Don't forget your why. On difficult days—and there will be many—remember why you're doing this. For me, it's money, flexibility with my kids, and proving to myself that I'm capable of anything.
The Reality Check
Real talk, I'm not going to sugarcoat this. Being a single mom creator is challenging. Incredibly hard. You're managing a business while being the lone caretaker of kids who need everything.
Certain days I second-guess this. Days when the nasty comments affect me. Days when I'm exhausted and stressed and asking myself if I should just get a "normal" job with stability.
But but then my daughter shares she's happy I'm here. Or I check my balance and see money. Or I read a message from a follower saying my content inspired her. And I understand the impact.
Where I'm Going From Here
A few years back, I was terrified and clueless what to do. Currently, I'm a full-time content creator making more than I imagined in my old job, and I'm there for my kids.
My goals for the future? Get to half a million followers by year-end. Launch a podcast for single parents. Write a book eventually. Continue building this business that changed my life.

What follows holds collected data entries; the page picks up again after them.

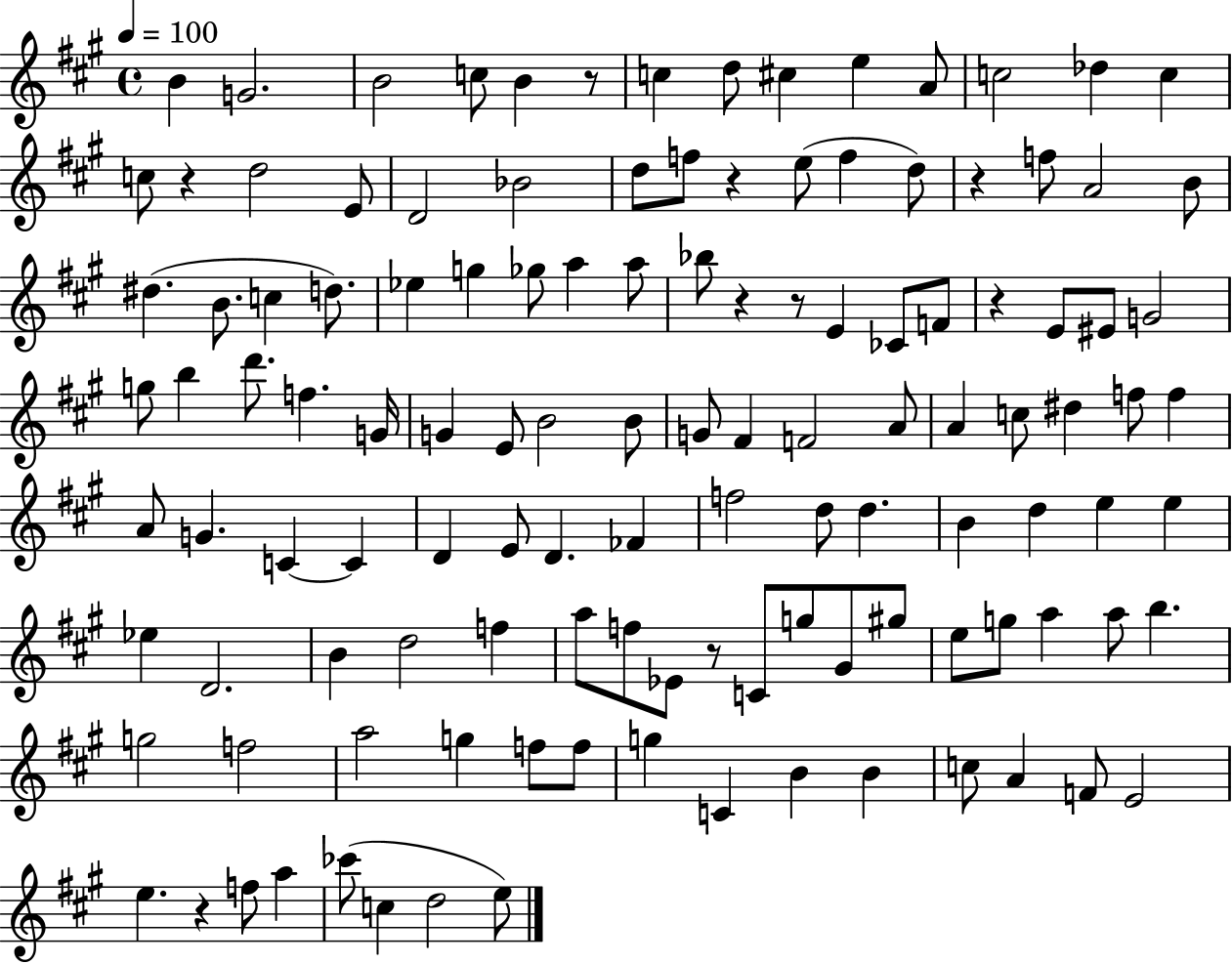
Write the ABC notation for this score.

X:1
T:Untitled
M:4/4
L:1/4
K:A
B G2 B2 c/2 B z/2 c d/2 ^c e A/2 c2 _d c c/2 z d2 E/2 D2 _B2 d/2 f/2 z e/2 f d/2 z f/2 A2 B/2 ^d B/2 c d/2 _e g _g/2 a a/2 _b/2 z z/2 E _C/2 F/2 z E/2 ^E/2 G2 g/2 b d'/2 f G/4 G E/2 B2 B/2 G/2 ^F F2 A/2 A c/2 ^d f/2 f A/2 G C C D E/2 D _F f2 d/2 d B d e e _e D2 B d2 f a/2 f/2 _E/2 z/2 C/2 g/2 ^G/2 ^g/2 e/2 g/2 a a/2 b g2 f2 a2 g f/2 f/2 g C B B c/2 A F/2 E2 e z f/2 a _c'/2 c d2 e/2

Content creation gave me a path forward when I was desperate. It gave me a way to feed my babies, be there, and create something meaningful. It's a surprise, but it's exactly where I needed to be.
To all the single moms thinking about starting: You absolutely can. It won't be easy. You'll consider quitting. But you're already doing the most difficult thing—raising humans alone. You're tougher than you realize.
Begin messy. Keep showing up. Protect your peace. And know this, you're beyond survival mode—you're building something incredible.
Time to go, I need to go film a TikTok about why my kid's school project is due tomorrow and surprise!. Because that's the reality—chaos becomes content, one TikTok at a time.
Seriously. Being a single mom creator? It's the best decision. Even if there might be old snacks in my keyboard. That's the dream, one messy video at a time.